Using the material below, return exactly the lines between the one holding "Check out the" and the one holding "The autofill feature", inclusive, and no others.
====================
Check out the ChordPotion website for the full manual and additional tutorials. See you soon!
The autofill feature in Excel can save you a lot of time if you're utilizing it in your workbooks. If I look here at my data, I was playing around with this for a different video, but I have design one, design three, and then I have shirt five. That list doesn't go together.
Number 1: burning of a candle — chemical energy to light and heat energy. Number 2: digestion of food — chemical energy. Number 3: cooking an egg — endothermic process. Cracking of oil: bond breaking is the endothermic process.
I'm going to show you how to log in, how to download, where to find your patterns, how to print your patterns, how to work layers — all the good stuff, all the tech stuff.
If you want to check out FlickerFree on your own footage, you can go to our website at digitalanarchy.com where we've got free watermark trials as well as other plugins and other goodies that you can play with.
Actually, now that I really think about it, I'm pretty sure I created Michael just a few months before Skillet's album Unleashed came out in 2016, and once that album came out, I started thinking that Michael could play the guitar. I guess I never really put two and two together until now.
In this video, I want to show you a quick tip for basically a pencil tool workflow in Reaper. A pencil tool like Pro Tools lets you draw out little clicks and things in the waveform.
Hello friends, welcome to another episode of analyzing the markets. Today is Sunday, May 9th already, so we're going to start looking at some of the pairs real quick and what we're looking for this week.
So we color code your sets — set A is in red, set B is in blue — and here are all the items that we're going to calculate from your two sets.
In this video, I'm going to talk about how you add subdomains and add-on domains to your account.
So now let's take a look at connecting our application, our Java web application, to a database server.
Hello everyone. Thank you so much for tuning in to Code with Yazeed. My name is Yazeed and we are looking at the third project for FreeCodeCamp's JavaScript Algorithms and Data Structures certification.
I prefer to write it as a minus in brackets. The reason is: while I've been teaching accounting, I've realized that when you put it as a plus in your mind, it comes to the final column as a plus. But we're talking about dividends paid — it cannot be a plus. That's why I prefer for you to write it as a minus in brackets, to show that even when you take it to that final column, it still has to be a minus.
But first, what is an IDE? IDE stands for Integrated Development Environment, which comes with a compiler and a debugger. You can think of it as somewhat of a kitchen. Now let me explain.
====================
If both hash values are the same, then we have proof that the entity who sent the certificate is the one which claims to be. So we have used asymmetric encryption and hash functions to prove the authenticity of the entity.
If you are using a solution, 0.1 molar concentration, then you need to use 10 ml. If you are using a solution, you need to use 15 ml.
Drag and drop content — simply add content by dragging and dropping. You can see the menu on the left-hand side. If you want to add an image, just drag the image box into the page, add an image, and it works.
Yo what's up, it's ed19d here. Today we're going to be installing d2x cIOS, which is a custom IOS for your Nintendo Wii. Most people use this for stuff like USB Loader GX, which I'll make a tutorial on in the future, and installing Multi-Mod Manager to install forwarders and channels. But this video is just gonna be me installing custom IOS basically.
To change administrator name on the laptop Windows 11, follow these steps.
====================
▶ [Final answer]
Check out the ChordPotion website for the full manual and additional tutorials. See you soon!
The autofill feature in Excel can save you a lot of time if you're utilizing it in your workbooks. If I look here at my data, I was playing around with this for a different video, but I have design one, design three, and then I have shirt five. That list doesn't go together.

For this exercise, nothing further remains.